With the marriage analogy, it is clear each marriage partner needs to be asking, watching for signs and listening deeply to clues to what the other needs in order to feel loved, and once they have an idea to actually give what is desired. That won’t always be easy and may occasionally even be impossible, but to be useful, our gift has to meet the needs of the recipient. Living usefully in the world will be the same as living in a marriage – ever looking for ways in which I can actually be useful – all the while being careful to not lose sight of myself and those qualities that make me be me. I read a book once with a great title, Do I Have to Give Up Me to be Loved by You?
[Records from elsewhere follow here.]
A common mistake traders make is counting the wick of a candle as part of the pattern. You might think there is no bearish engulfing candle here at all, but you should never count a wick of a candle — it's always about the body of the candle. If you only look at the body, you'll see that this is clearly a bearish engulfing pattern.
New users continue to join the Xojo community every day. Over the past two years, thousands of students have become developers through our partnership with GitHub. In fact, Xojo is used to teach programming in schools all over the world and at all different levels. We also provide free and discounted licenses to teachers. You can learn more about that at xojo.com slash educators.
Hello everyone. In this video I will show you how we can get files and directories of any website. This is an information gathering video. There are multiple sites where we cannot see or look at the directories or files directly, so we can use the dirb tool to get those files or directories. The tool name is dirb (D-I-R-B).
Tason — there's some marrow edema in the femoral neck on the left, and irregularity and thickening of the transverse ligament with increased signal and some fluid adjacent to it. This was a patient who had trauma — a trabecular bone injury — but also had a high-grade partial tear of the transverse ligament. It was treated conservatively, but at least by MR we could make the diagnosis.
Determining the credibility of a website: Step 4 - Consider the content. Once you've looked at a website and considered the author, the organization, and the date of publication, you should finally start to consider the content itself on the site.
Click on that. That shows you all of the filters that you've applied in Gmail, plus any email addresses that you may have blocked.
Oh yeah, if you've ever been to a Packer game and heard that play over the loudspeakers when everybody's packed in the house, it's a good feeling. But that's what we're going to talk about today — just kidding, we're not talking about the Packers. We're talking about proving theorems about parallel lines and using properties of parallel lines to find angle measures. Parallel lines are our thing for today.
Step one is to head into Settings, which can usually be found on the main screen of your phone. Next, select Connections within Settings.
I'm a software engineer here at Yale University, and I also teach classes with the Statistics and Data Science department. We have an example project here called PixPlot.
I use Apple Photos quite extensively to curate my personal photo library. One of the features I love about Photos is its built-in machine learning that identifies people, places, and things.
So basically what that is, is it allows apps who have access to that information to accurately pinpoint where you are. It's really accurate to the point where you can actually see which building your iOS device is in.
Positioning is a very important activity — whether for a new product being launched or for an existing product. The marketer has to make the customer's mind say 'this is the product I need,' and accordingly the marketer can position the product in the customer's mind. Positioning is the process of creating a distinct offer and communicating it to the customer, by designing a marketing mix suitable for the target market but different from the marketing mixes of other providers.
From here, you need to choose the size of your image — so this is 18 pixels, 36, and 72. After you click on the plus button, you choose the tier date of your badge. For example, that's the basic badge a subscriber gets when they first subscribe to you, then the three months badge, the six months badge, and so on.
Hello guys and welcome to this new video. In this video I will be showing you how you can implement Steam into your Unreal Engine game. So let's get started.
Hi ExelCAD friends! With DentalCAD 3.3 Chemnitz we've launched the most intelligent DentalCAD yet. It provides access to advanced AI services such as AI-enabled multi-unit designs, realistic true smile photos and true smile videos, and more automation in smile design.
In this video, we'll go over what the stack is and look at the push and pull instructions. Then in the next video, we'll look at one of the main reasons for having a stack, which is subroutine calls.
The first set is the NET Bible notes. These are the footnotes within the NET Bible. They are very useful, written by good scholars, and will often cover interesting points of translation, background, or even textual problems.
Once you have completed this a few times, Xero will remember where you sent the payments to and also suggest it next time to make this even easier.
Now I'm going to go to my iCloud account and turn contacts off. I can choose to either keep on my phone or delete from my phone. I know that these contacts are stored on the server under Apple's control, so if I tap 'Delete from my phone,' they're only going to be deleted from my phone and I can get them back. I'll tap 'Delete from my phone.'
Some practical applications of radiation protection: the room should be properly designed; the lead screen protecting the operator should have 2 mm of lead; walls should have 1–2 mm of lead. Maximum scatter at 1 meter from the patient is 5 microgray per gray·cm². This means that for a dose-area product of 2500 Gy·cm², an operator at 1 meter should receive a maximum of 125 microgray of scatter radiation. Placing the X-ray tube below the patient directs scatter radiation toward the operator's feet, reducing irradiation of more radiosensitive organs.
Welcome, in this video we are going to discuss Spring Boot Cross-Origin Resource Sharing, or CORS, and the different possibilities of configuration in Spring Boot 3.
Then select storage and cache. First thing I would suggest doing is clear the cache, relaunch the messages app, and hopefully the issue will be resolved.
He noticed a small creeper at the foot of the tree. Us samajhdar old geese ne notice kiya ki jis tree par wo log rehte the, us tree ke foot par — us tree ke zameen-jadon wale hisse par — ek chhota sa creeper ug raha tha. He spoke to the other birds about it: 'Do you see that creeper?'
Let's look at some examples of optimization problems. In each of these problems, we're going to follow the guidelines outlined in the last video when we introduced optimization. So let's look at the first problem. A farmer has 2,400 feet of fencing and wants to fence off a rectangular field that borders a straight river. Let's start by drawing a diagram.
That’s the necessary balance – to remain yourself while finding ways to be useful in the world.
A couple of months ago, I went to a Beth Moore simulcast where she quoted a scripture [Psalm 37:3] that said, “Trust the Lord and do good.’ She clarified that by saying, “The scripture doesn’t say, ‘Trust the Lord and do right,’ but rather says, ‘Trust the Lord and do good.'” She continued by noting that most of us would much prefer to do right than to do good. There are rules and standards to rightness and once we have complied with what is right, we can feel justified in our behavior. But once again, like usefulness, good is based on achieving a beneficial result.
The call to usefulness and to do good is difficult. At some level, if that is my call and my goal, I become responsible for not only my actions, but for the outcome as well. It’s not enough to offer only what I want to give while disregarding the needs around me. It’s also true and difficult to realize that not all that is useful or beneficial will be pleasant for the recipient. Most of us long for the easy way out, someone to meet our needs or take responsibility for the consequences that result from our behavior. Doing the good thing or the useful thing may be doing the hard thing.
I expect to continue to struggle with this concept. I long to be useful as well as to honor the God who made me. How nice it would be if I could do both at once. Though I agree with Erma Bombeck and would love to slide into heaven completely used up and exhilarated by the journey, it may be that I have to stand before God at the end of my life and say, ‘I tried to use what you gave me but no one wanted it; however, since I loved You and I loved them, I found ways to use my mind and my senses to see, hear and feel the needs of others and then to meet them in whatever way was possible.’
I obviously still have a long way to go on this journey.